Bagiku yang jadi ibu rumah tangga, tanggal tidak lagi menjadi sesuatu yang harus kuingat, pekerjaanku jauh lebih penting daripada bilangan yang berjejer rapi di kalender. Tapi aku ingat tanggal 12, selasa di januari. Setelah dua rakaat subuh, aku tertidur kembali, kelelahan menghadapi anakku yang rewel semalaman. Jam setengah delapan aku terbangun mendengar suara motor yang sangat kukenal, kudapati suamiku dipintu kamar ketika membuka mata.
“Bundo,
Hauna sudah tidur di ayunan, setelah mandi sepertinya dia mengantuk sekali,
jadi belum makan. Abi pergi kantor dulu, istirahat ya” ujar beliau yang sudah
rapi dan bersiap pergi. Lelahku menguap ketika syukur datang memeluk, nikmat
mana yang pantas kudustakan? aku yang seharusnya menyiapkan keperluannya
sebelum berangkat kerja, aku yang seharusnya menyiapkan sarapan pagi, aku yang
seharusnya.. Ah, Betapa seringnya aku lalai bersyukur untuk sosok lelaki yang
Engkau pilihkan untukku (atau aku yang Engkau pilihkan untuknya?).
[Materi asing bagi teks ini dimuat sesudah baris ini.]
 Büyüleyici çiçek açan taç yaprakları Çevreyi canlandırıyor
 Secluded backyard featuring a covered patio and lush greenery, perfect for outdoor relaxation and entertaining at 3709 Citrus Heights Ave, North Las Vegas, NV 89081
Lelaki yang
sering kali kurepotkan dengan hal-hal remeh, lelaki yang begitu sabar
menghadapi kecerewetan dan emosiku yang meletup-letup, bahkan hingga suatu kali
ketika mencuci piring berdua, sambil berseloroh beliau berkata “Abi kira Bundo
adalah sosok perempuan yang penyabar, anggun dan keibuan”.
Dan
aku langsung menimpali, sengit “Jadi Abi menyesal?”
Dan
nikmat mana yang pantas kudustakan?
“Kadang-kadang
Bundo penyabar, anggun dan keibuan kok Bi” ujarku pura-pura merajuk.
****
Kutulis
kisah ini disini, agar suatu hari nanti ketika kami sudah menua.. aku punya
jejak tentang seorang lelaki muda yang meminangku pada jarak ribuan kilometer.